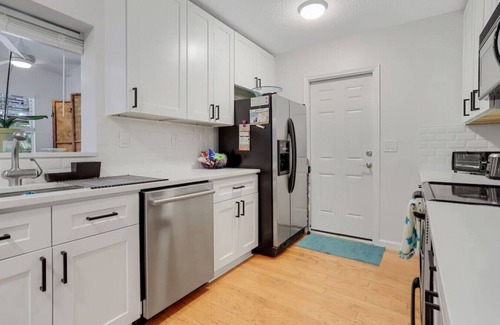 Boynton Beach House | My Happy Place 3BR 2BA Heated Pool Great Location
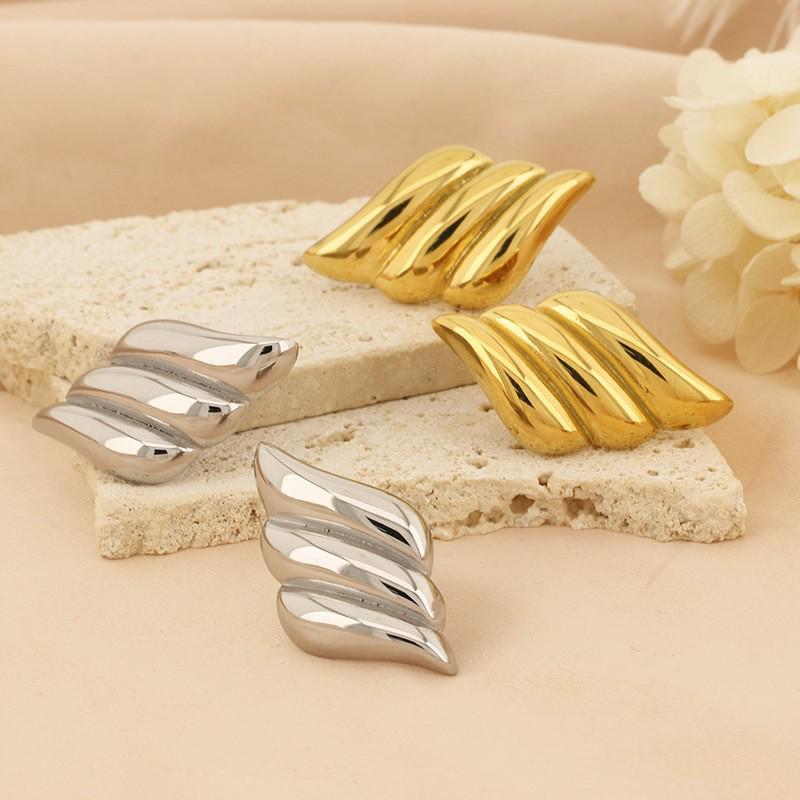 

Stylish Angel Wing Titanium Steel Rhombus Stud Earrings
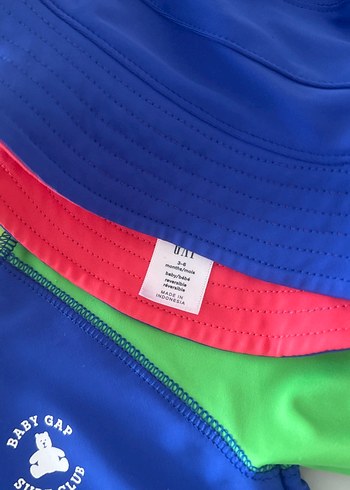 GAP Kısa Kollu Erkek Çocuk Mayo ve Şapka - Görsel 5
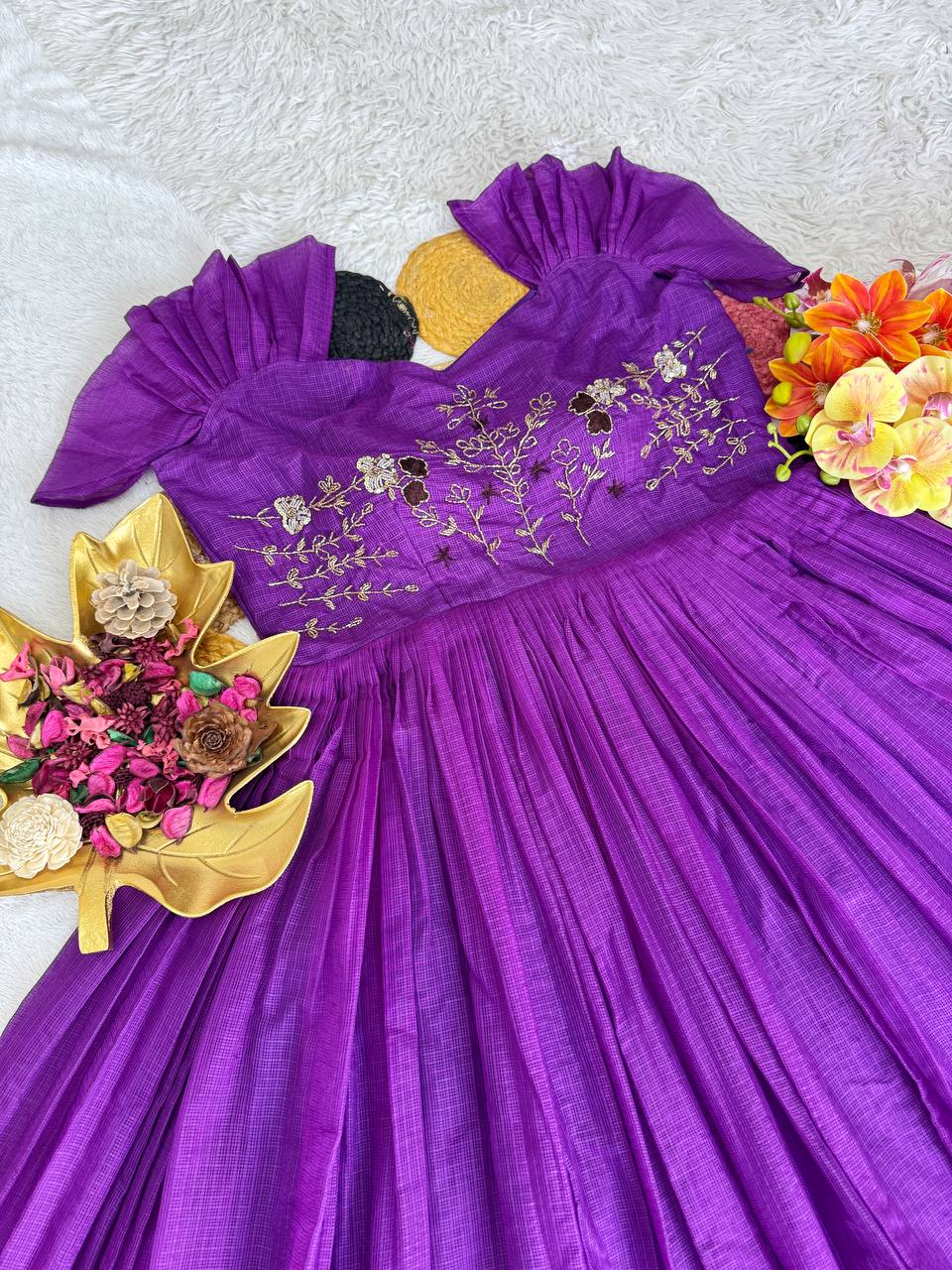 Gown's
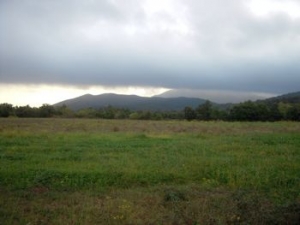 cloudy mountains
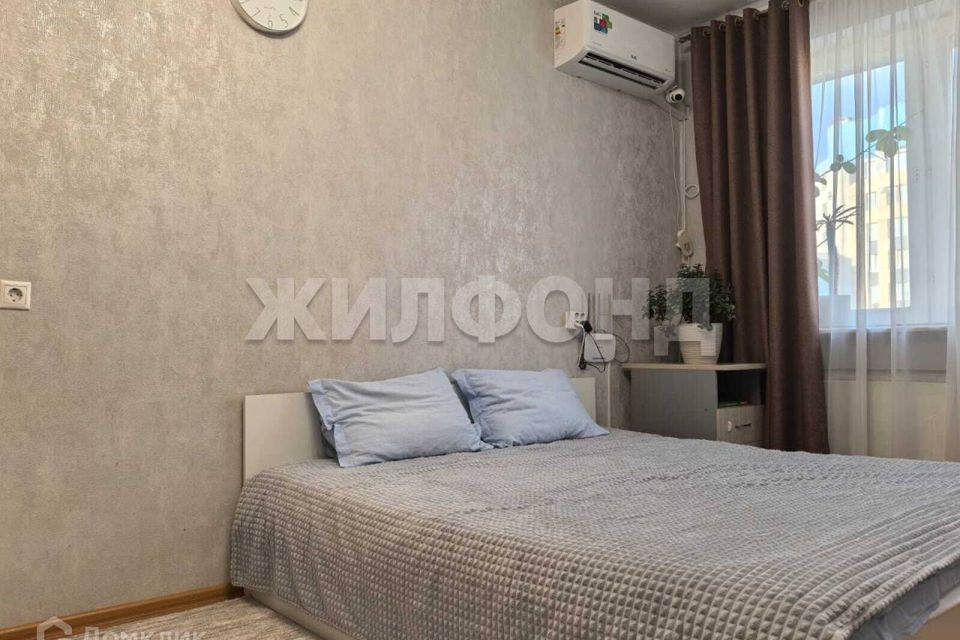 Продаётся 1-комнатная квартира, 37.8 м²
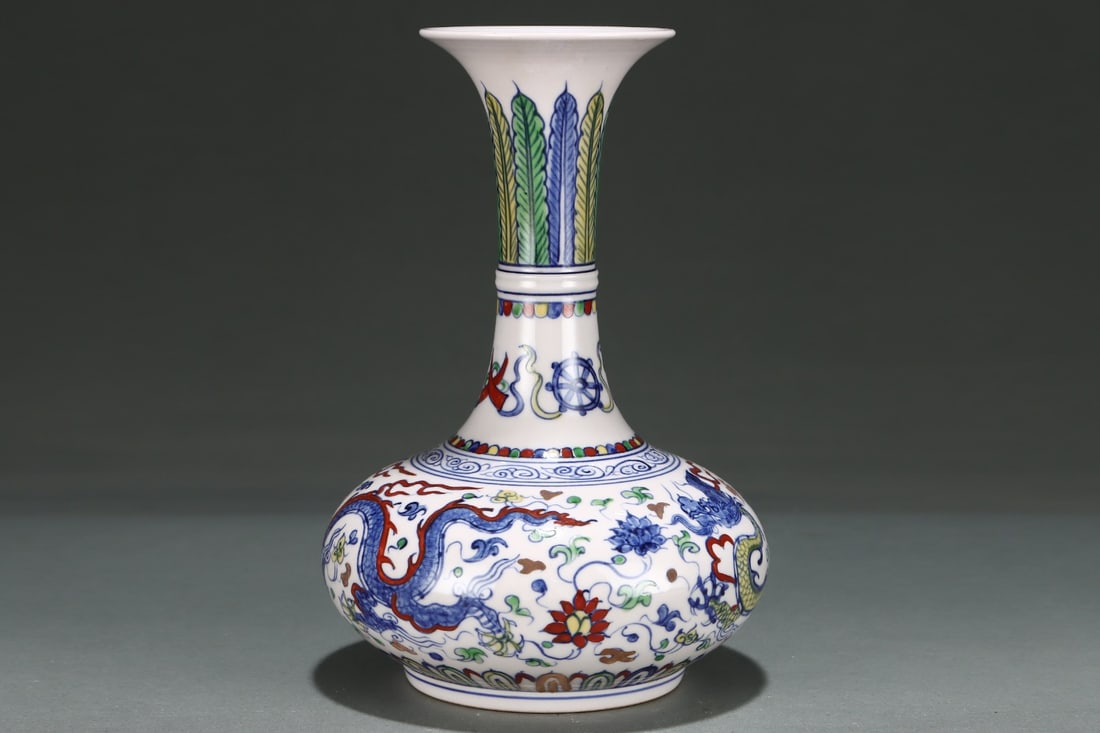 An Exquisite Doucai Dragon Pattern Vase - 3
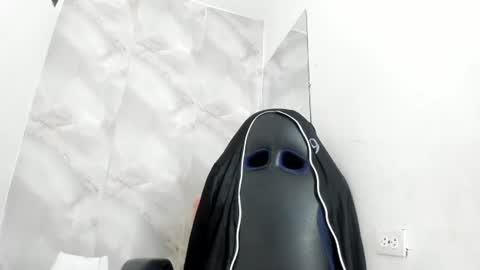 ellybloom online show from 11, 7, 2026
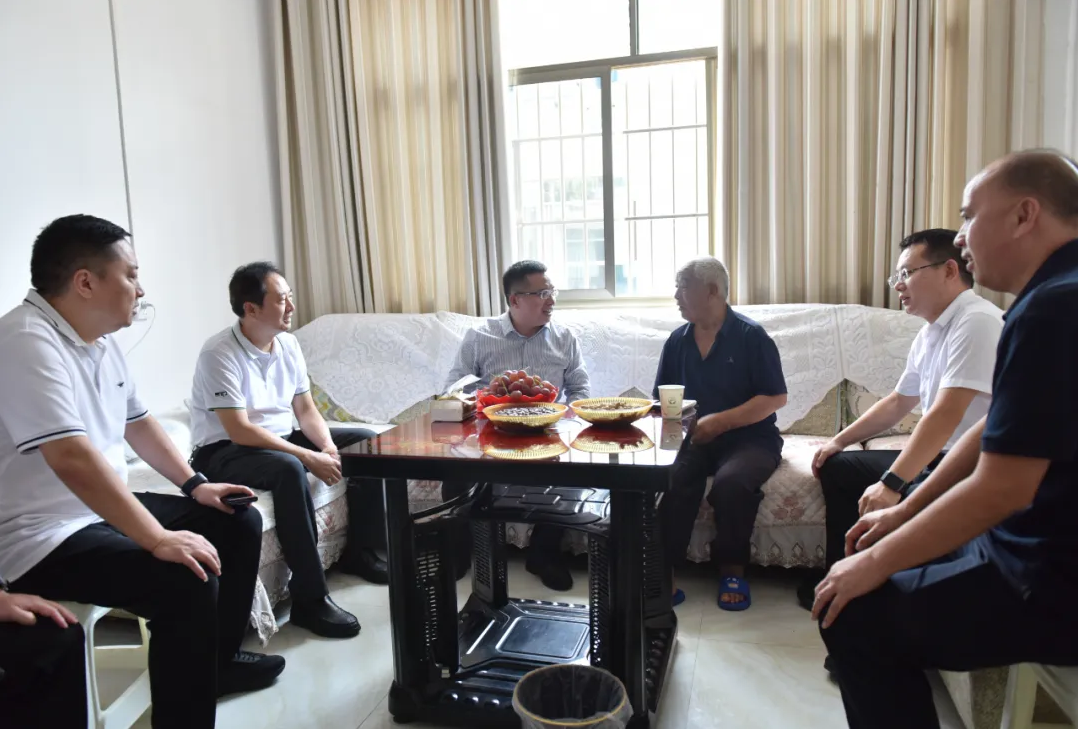 兴义市领导开展“八一”走访慰问(图3)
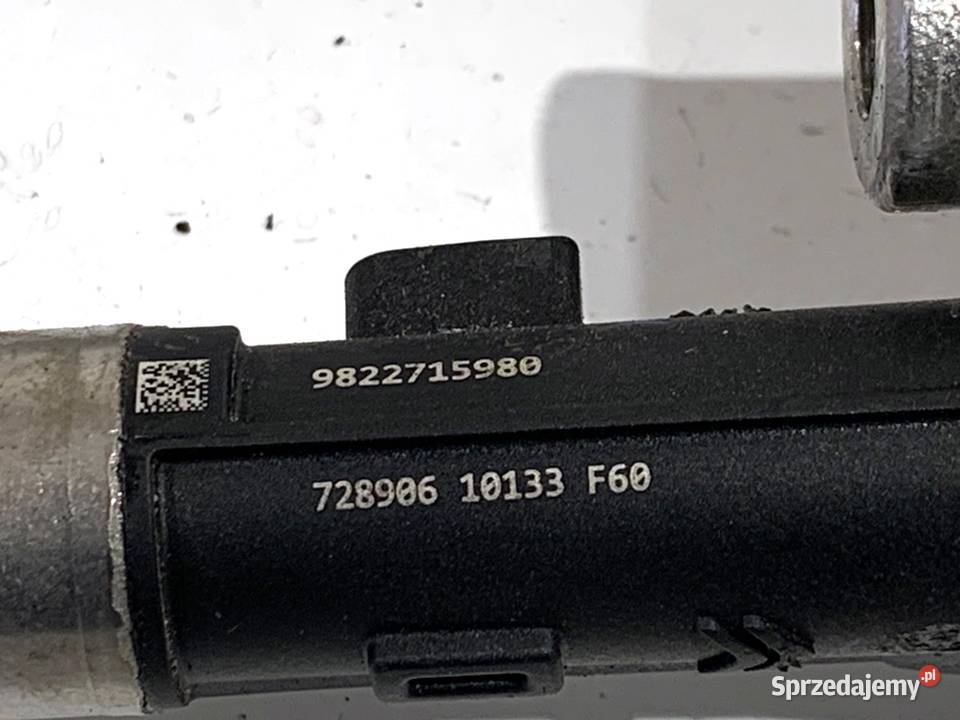 LISTWA WTRYSKOWA CITROEN C4 CACTUS 9822715980 12 osobowe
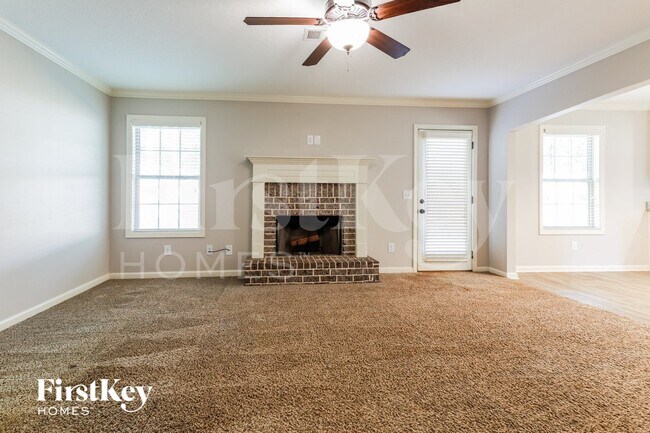 Foto del edificio - 631 Peachtree Rd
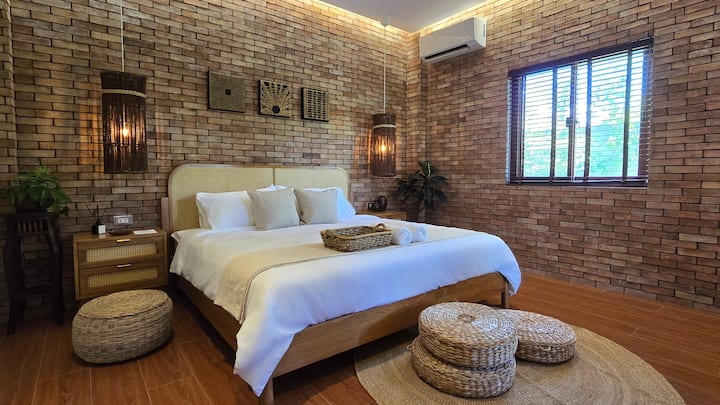 King size bed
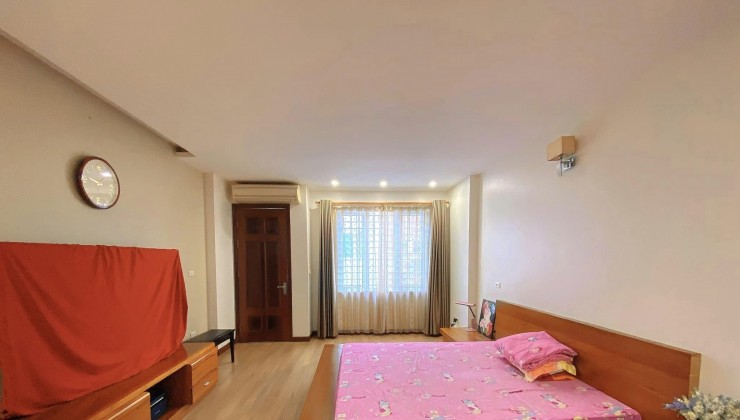 Nhà Đẹp Siêu Hiếm Cầu Giấy, Phố Vip Đỗ Quang 52m x 5T x Mt 4.6m. Giá 25 tỷ.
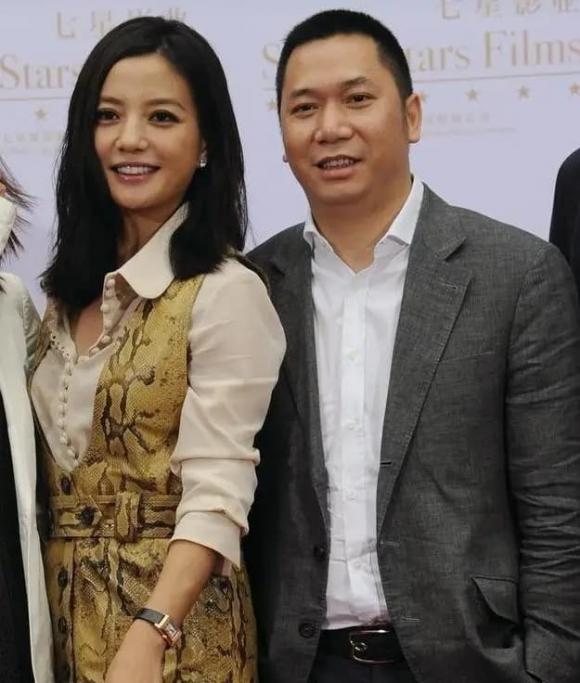 Triệu Vy, Hoàn Châu Cách Cách, sao hoa ngữ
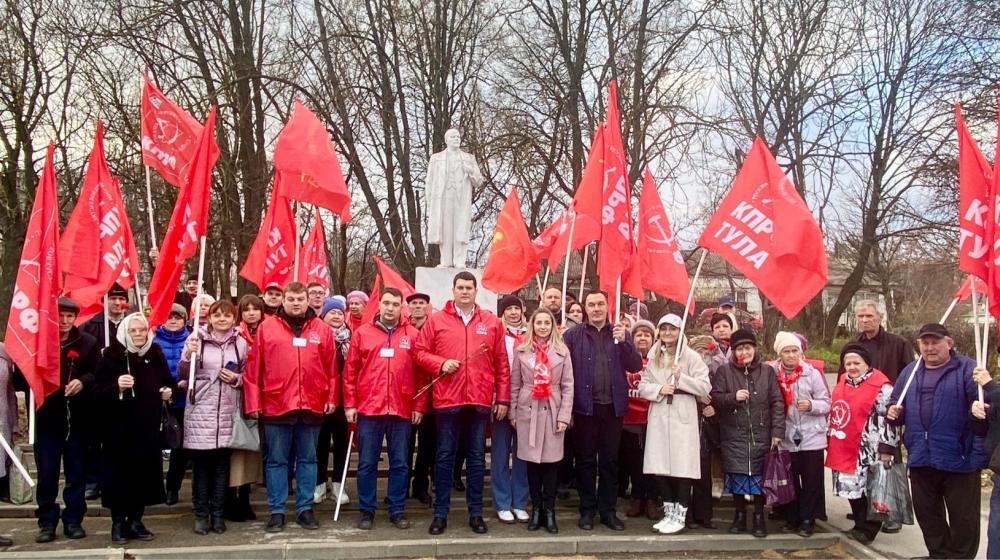Тульские коммунисты отпраздновали годовщину Великого Октября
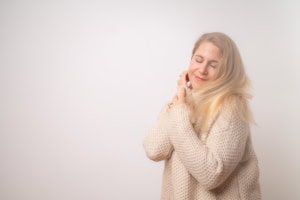 Natürliche Porträtaufnahme einer Frau - photoart hübner business Freundliches Porträt einer Frau für Business- und Personal Branding Fotos.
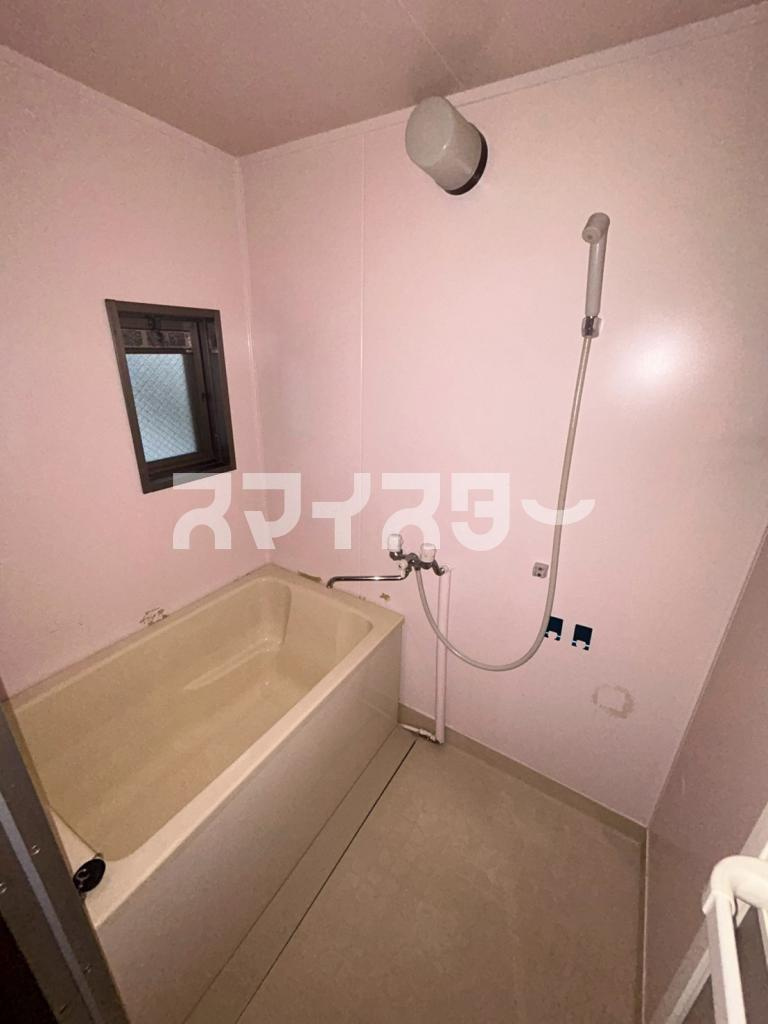 ハイツ荒田Ｂの浴室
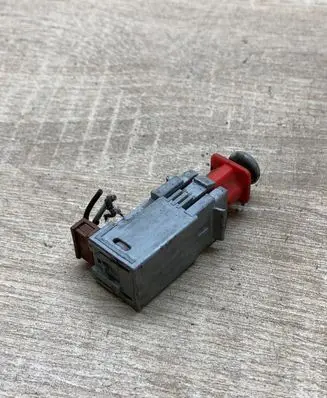 Opel Zafira A Brake pedal sensor switch 55701396 869619858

Activity:
Your answer should hold only the lines from the one with "Natürliche Porträtaufnahme einer" through the final line of the listing above, transcribed exactly and without pictures.

Exercise response:
 Natürliche Porträtaufnahme einer Frau - photoart hübner business Freundliches Porträt einer Frau für Business- und Personal Branding Fotos.
 ハイツ荒田Ｂの浴室
 Opel Zafira A Brake pedal sensor switch 55701396 869619858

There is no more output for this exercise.